17 de setembro de 2014

‘Alguma coisa acontece no meu coração’: o massacre da São João

Foto: Drago/Selva SP


Reintegração de posse promovida pela Polícia Militar no centro de São Paulo provocou revolta dos ocupantes do antigo Hotel Aquarius. As cenas de guerra só tiveram um vencedor: o mercado imobiliário

Por Henrique Santana e Paulo Motoryn

Mais uma vez, a Polícia Militar do Estado de São Paulo protagonizou cenas lamentáveis em suas “reintegrações de posse” – operação que garante a propriedade privada, despeja famílias e só aumenta o deficit habitacional da metrópole.

A ocupação São João, localizada na avenida eternizada nos versos de Caetano Veloso, virou cenário de guerra: mas a Polícia lutava contra quem? O cartão postal da cidade acordou na manhã dessa terça-feira (16) com um enorme contigente, de diversos esquadrões policiais.

O oponenente: as cerca de 800 pessoas que viviam no antigo Hotel Aquarius, abandonado há 10 anos. Imigrantes, trabalhadores, mulheres e crianças expulsos de suas casas para efetivação de uma ação de reintegração de posse feita a pedido do proprietário do prédio, o empresário Ricardo Pimenta.

A ocupação, organizada pelo MSTRU (Movimento Sem Teto pela Reforma Urbana), juntamente com a FLM (Frente de Luta por Moradia) e o MSTC (Movimento Sem-Teto do Centro), ocupava o prédio desde fevereiro desse ano, quando, disfarçados de bloco de rua no carnaval, os ocupantes adentraram o número 605 da Avenida São João.

Guerra? Contra quem?

Os policiais não economizaram na truculência, e a reintegração deixou o centro paulistano em clima de guerra. Vale lembrar que, em uma guerra, o vencedor não necessariamente está na linha de frente dos conflitos ou estampado nas manchetes dos jornais. Ontem, o vencedor foi a especulação imobiliária, agindo livremente na terceira metrópole com o maior déficit habitacional do país.

O poderio do mercado imobiliário tem a conivência do Estado. Se, por um lado, os moradores da ocupação São João viveram momentos de terror, do outro, a iniciativa privada mantém seu livre arbítrio na cidade de São Paulo. A concessão ou o uso irregular de áreas públicas por parte do poder privado já acumulam mais de 600 milhões de prejuízo anual ao cofres públicos, segundo Guilherme Boulos, liderança do MTST (Movimento dos Trabalhadores Sem Teto).

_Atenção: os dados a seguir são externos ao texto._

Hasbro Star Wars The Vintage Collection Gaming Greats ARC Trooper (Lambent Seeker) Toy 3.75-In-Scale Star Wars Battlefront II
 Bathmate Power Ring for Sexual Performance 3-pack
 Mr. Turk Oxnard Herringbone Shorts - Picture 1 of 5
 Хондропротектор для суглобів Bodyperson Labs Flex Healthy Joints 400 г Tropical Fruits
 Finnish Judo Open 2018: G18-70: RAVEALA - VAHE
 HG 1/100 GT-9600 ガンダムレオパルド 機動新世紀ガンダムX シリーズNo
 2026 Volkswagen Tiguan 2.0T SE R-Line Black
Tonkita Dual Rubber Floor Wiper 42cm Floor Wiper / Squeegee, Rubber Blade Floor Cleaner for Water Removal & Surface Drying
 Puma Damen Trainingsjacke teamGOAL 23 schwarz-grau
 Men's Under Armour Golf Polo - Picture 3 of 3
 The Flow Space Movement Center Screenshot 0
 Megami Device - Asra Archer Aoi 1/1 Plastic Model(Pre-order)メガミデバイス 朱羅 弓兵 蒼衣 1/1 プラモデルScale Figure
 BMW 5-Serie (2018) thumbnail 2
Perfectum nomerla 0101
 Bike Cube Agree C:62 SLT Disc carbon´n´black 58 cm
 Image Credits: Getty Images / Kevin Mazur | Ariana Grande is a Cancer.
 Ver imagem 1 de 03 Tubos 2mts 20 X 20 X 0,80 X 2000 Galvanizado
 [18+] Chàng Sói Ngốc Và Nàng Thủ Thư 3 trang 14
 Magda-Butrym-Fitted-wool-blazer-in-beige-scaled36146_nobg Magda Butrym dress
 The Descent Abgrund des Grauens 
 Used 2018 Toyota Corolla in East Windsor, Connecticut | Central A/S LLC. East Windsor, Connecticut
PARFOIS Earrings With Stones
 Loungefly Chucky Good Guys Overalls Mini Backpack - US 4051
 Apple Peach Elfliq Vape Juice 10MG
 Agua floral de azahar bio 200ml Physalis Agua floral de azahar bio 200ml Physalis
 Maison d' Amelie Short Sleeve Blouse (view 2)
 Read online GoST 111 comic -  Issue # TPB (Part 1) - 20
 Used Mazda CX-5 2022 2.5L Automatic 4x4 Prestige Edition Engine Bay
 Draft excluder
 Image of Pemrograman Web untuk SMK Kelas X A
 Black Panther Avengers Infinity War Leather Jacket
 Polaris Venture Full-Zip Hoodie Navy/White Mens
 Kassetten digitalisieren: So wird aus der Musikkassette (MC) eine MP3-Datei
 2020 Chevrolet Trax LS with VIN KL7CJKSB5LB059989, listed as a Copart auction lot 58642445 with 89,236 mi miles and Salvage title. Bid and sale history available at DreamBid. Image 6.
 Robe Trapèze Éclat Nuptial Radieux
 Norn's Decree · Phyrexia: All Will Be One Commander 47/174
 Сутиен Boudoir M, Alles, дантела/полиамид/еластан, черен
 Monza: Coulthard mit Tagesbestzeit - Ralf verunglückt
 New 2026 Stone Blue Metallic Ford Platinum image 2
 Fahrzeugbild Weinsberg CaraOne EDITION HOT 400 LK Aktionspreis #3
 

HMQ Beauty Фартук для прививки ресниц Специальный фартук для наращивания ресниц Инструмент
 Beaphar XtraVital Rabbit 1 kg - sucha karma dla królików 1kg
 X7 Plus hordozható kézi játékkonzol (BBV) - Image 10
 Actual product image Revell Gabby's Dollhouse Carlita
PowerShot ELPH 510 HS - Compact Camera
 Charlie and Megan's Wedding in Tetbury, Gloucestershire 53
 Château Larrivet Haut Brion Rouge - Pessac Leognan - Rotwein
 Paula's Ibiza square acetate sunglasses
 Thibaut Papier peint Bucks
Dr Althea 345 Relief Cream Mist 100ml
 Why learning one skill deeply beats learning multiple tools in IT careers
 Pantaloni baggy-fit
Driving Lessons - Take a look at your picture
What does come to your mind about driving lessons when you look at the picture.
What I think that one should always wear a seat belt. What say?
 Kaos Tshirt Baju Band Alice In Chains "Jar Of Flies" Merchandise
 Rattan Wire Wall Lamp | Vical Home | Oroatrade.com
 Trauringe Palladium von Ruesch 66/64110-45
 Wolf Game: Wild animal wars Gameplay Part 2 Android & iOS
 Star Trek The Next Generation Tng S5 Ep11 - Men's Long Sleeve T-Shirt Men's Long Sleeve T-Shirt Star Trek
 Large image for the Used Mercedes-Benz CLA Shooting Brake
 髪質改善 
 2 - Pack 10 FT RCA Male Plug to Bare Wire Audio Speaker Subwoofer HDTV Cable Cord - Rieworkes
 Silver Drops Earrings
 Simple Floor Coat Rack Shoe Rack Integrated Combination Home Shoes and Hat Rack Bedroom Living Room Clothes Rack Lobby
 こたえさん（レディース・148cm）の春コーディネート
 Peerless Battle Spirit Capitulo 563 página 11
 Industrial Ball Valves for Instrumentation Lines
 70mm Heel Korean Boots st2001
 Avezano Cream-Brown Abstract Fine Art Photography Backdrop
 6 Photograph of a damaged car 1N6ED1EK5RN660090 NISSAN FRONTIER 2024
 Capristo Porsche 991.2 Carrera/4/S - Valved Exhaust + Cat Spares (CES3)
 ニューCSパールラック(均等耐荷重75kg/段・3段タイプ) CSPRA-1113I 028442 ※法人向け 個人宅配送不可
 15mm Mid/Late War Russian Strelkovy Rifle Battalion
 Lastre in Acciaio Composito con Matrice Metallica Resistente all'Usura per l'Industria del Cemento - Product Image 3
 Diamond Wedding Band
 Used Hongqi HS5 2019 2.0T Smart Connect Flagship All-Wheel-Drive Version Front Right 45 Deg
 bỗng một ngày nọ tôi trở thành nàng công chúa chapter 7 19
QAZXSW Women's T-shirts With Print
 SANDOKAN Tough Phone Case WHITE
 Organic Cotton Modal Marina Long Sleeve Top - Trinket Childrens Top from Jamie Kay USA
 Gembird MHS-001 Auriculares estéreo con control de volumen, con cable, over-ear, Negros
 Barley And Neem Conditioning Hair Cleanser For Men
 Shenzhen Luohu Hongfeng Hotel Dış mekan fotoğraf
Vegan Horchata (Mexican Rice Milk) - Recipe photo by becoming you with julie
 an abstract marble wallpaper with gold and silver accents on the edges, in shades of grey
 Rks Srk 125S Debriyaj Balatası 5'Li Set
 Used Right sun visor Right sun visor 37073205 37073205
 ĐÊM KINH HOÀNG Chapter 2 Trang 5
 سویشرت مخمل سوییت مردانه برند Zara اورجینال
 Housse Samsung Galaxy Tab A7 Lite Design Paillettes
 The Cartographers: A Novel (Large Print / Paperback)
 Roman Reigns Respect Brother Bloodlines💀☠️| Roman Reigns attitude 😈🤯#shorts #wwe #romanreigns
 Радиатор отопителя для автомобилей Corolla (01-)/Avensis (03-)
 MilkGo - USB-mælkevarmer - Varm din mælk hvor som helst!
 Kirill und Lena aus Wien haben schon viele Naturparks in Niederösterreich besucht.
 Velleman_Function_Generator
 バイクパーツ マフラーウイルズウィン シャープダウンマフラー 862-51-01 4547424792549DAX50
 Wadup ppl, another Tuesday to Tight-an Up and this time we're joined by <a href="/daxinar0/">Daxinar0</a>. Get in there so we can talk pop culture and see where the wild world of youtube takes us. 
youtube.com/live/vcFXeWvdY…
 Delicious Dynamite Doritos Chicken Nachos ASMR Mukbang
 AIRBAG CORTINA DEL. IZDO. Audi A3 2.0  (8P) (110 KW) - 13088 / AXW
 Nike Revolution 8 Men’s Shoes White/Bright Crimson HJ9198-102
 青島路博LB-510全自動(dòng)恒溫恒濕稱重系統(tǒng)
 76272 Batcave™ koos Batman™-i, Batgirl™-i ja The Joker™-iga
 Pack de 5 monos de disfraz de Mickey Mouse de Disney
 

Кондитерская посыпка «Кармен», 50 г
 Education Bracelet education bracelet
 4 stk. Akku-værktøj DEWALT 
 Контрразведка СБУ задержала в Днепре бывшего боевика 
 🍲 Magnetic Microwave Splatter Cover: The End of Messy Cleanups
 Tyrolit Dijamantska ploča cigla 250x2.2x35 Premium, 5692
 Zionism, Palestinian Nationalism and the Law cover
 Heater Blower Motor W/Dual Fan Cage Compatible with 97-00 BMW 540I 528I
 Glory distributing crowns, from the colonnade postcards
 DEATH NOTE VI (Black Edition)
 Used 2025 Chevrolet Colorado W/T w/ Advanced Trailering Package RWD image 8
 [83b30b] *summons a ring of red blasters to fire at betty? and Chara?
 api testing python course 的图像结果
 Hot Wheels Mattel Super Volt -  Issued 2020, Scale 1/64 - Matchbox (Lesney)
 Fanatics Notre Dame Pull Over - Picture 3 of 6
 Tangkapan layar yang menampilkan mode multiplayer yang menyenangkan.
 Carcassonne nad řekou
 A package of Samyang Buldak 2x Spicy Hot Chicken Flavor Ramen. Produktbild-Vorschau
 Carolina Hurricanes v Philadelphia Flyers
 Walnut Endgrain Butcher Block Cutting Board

A grande mídia mantém seu convênio com o Estado e o mercado imobiliário ao insistir no uso de termos como “tumulto”, “confusão”, ou “confrontos”. Sem falar na absurda ênfase dada à atos de “vandalismo” por parte da população, em contraponto à cobertura, praticamente nula, das atrocidades policiais.

A dissimulação dos grandes veículos ao apontarem à brutal repressão policial como um “confronto” é maliciosa: coloca o trabalhador sem-teto como um combatente, um inimigo da sociedade. Não se fala, contudo, do caráter assimétrico na correlação de forças entre sem-tetos e a Polícia.

A detenção de quase 100 pessoas – com uma esmagadora maioria composta por membros da ocupação – revoltou o padre Júlio Lancellotti, que foi à Delegacia da Polícia Civil e se solidarizou aos presos: “Estão oprimidos como se aqui fosse uma guerra e os prisioneiros de guerra estão presos. Isso a gente pensa que tem que ir no Iraque para ver, mas estamos vendo aqui, a Síria é aqui”.

Mais uma vez, o governo do Estado de São Paulo mostra à quem serve. A mesma gestão que autorizou o massacre na Ocupação Pinheirinho, em 2012; que é conivente e dá suporte à uma Polícia Militar que, apenas no primeiro semestre de 2014, já computou 434 mortos por suas armas, com alta de 62% em relação ao ano passado; que sabe que o déficit habitacional paulista teve alta de 18% entre 2011 e 2012; atua, novamente, em mais uma reintegração higienista e gentrificadora, colocando na linha de frente sua polícia fascista e respondendo aos interesses do capital e da especulação.